Over time Emily became the assistant manager at the Kirkland location, gladly taking any responsibilities thrown her way. Eventually she moved to work at Zoka’s roastery and learned more about the coffee roasting and fulfillment part of the business. She spent a year fully immersed in this position trying to soak up as much knowledge as she could. After all that time, she still couldn’t get over how much she loved the profound sense of community the retail shops fostered. Touching people’s lives through the small, daily task of preparing their morning coffee and sharing her knowledge and passion for coffee with her guests kept her coming back. While she enjoys the process of extracting delicious espresso, her competence of the craft gives her freedom to focus attention on connecting with people, instead of just the coffee.
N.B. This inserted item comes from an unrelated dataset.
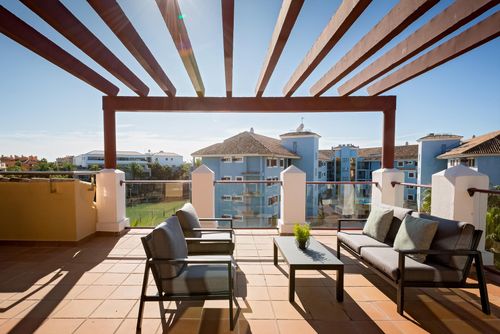 Corner Duplex 3 bedroom Marina apartment with Large Terrace Schöne Wohnung mit Gemeinschaftspool in Sotogrande, Costa del Sol, Spanien für 6 Personen. Die Wohnung befindet sich in einem Strandresort, in einem Wohngebiet am Strand, nahe Restaurants, Bars und Geschäften, 1 km vom Strand von Torreguadiaro und 0,025 km von der Sotogrande Marina entfernt....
Emily makes up part of the lifeblood of Zoka. At this point she has several titles, but the most significant of them doubles as a term of endearment. She’s known as the “Swiss Army Knife” of the company by the owner, Jeff. She’s worked in most sectors of the business save a few, like roasting and traveling abroad to secure green coffee contracts. Jeff can call her about anything and knows that she’s gonna help make it happen. To the community she’s known as the “Mayor of Kirkland.” By virtue of spending so many hours behind the bar at the Kirkland location, she’s deeply invested in her regulars’ lives. She knows their anniversaries and travel plans. She’s even set up two of her regulars and watched their relationship grow into marriage.

 

She calls home to a place that truly values the energy and enrichment she brings to the array of roles she plays.

It’s known that being an effective coffee professional is just as much about community management as it is having a thorough understanding of the craft. Emily’s job is part drink crafter, part general manager, and part systematic problem solver. She does it well and she seems hooked on the industry and its community for the future. She slips in bits of education constantly to keep energy in people’s daily routine, and she enjoys cracking the uncomfortable, getting people to center themselves on life, even if only for a few minutes. Emily genuinely cares about the people in her community and has found a sense of belonging as a vital member of it.